Similar procedures on FNR partial ODC are as follows.

podc.est(aSAH$outcome, aSAH$s100b, method='expect',threshold=0.8)

## Warning in podc.est(aSAH$outcome, aSAH$s100b, method = "expect", threshold =
## 0.8): response levels are not 0/1, the first level is defaultly regarded as
## negative.

## [1] 0.5195122

# estimate FNR partial ODC with method 'expect'
podc.ci(aSAH$outcome, aSAH$s100b, method='expect',threshold=0.8, cp=0.97)

## Warning in podc.ci(aSAH$outcome, aSAH$s100b, method = "expect", threshold =
## 0.8, : response levels are not 0/1, the first level is defaultly regarded as
## negative.

## Warning in podc.est(response, predictor, threshold = threshold, method =
## "expect", : response levels are not 0/1, the first level is defaultly regarded
## as negative.

##         1.5 %    98.5 %
## [1,] 0.403401 0.6356234

# infer FNR partial ODC with method 'expect'

podc aggregates the functions of podc.est and podc.ci.

podc(aSAH$outcome, aSAH$s100b,threshold=0.8, method='expect',ci=TRUE, cp=0.97)

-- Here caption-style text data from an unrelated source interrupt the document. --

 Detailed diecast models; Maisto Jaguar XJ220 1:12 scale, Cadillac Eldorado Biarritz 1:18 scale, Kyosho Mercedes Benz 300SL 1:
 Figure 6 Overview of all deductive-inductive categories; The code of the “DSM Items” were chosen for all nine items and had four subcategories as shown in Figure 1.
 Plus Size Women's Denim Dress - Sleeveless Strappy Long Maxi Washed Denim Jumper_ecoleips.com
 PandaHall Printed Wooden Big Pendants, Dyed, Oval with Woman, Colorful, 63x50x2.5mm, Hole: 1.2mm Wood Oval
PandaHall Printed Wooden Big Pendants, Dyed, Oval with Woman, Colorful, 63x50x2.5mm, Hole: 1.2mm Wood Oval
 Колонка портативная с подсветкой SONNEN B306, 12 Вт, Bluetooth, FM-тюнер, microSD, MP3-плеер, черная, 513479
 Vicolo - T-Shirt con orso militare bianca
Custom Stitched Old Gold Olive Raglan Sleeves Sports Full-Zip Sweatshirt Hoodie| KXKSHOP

## Warning in podc.est(response, predictor, threshold = threshold, method =
## method, : response levels are not 0/1, the first level is defaultly regarded as
## negative.

## Warning in podc.ci(response, predictor, cp = cp, threshold = threshold, :
## response levels are not 0/1, the first level is defaultly regarded as negative.

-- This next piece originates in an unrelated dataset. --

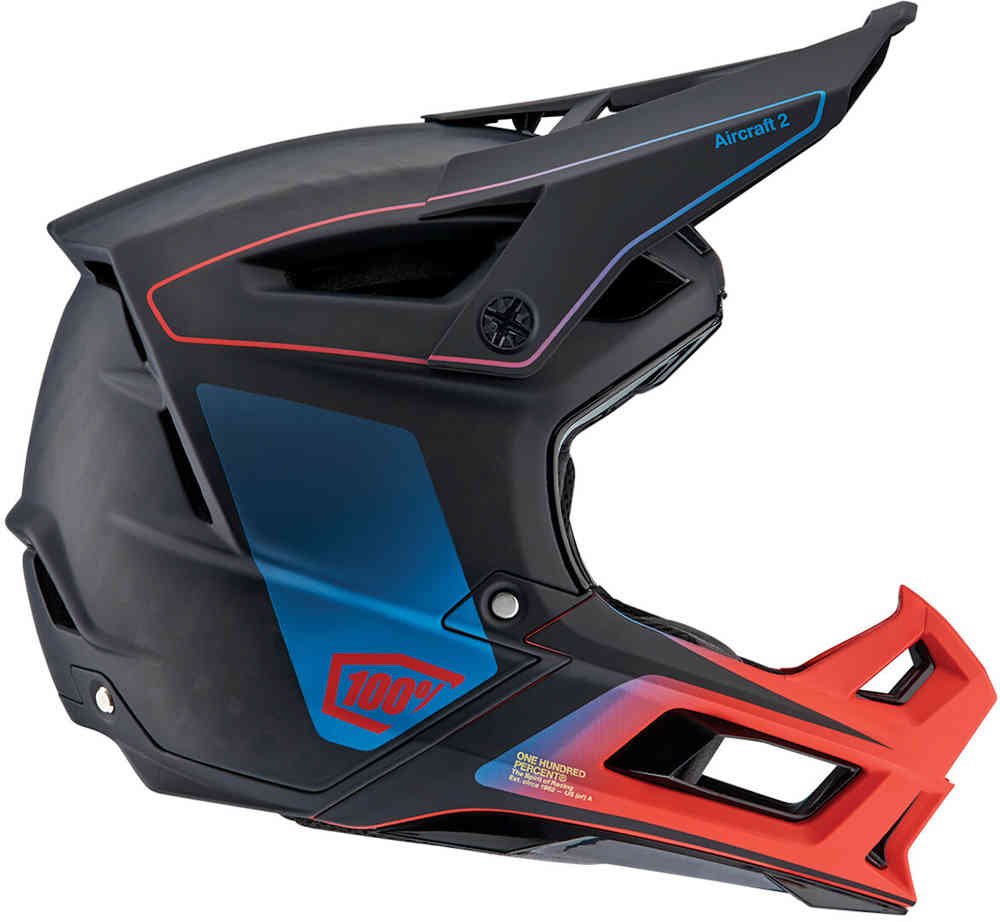 100% Aircraft 2 Steel Blue/Neon Red Casco Downhill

## Warning in podc.est(response, predictor, threshold = threshold, method =
## "expect", : response levels are not 0/1, the first level is defaultly regarded
## as negative.

## $podc
## [1] 0.5195122
## 
## $ci
##         1.5 %    98.5 %
## [1,] 0.403401 0.6356234

# inference and estimation

Reference

Wang Z, Chang Y C I. Marker selection via maximizing the partial area under the ROC curve of linear risk scores. Biostatistics, 2011, 12(2): 369-385.
Yang H, Lu K, Lyu X, et al. Two-Way Partial AUC and Its Properties. arXiv:1508.00298, 2016.
Yang H, Lu K, Zhao Y. A nonparametric approach for partial areas under ROC curves and ordinal dominance curves. Statistica Sinica, 2017, 27: 357-371.